A plugin for the Open Ephys GUI to estimate the phase of inputs within a specified passband in real time. Its primary purpose is to enable closed-loop stimulation, typically in combination with the Crossing Detector and either the Pulse Pal or an external stimulation system that receives ZeroMQ events (for example, the LabVIEW implementation here). It can also output the magnitude or imaginary component of the band-limited analytic signal instead of the phase. (The "PH+MAG" mode outputs both phase and magnitude, in separate channels.) Finally, the visualization tab or window can receive TTL events and display the delayed but precise phase of a specified input at the event onset samples in a rose plot. This allows real-time monitoring of stimulation accuracy.

The following article describes the algorithm used by the previous version of this plugin and the closed-loop stimulation pipeline as a whole:

Blackwood, E., Lo, M., Widge, A. S. (2018). Continuous phase estimation for phase-locked neural stimulation using an autoregressive model for signal prediction. 40th International Conference of the IEEE Engineering in Medicine and Biology Society (EMBC), Honolulu, HI, 4736-4739.

If you are just using the plugin in your project, you can cite this version of the code using the DOI listed in the header of this file.

• You are on the cmake-gui branch, which uses a Hilbert transformer FIR filter - actually one of several, depending on the frequency band you are filtering to. This is more efficient than the original (published) algorithm since it doesn't require as much AR model-based prediction nor calculating an FFT on each step.
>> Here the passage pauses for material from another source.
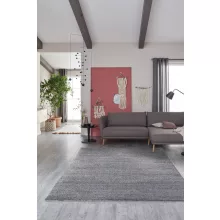 Pure 190004 Ezüst szőnyeg 67x130 cm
• If you want, you can switch to the old-version branch, which uses the Fourier-transform-based Hilbert transform over a sliding window to estimate the analytic signal (from which we derive the phase). We have been testing variants of this algorithm in our lab since mid-2016, and it is now fairly polished, but is somewhat less computationally efficient than the newer version.

This plugin must now be built outside of the main GUI file tree using CMake. In order to do so, it must be in a sibling directory to plugin-GUI* and the main GUI must have already been compiled.

You should use this branch if you are already using CMake to build the main GUI (in development as of writing). Otherwise, use the master branch.

You must also first install the "OpenEphysFFTW" common library, available here.

See PhaseCalculator/CMAKE_README.txt and/or the wiki page here for build instructions.

* If you have the GUI built somewhere else, you can specify its location by setting the environment variable GUI_BASE_DIR or defining it when calling cmake with the option -DGUI_BASE_DIR=<location>.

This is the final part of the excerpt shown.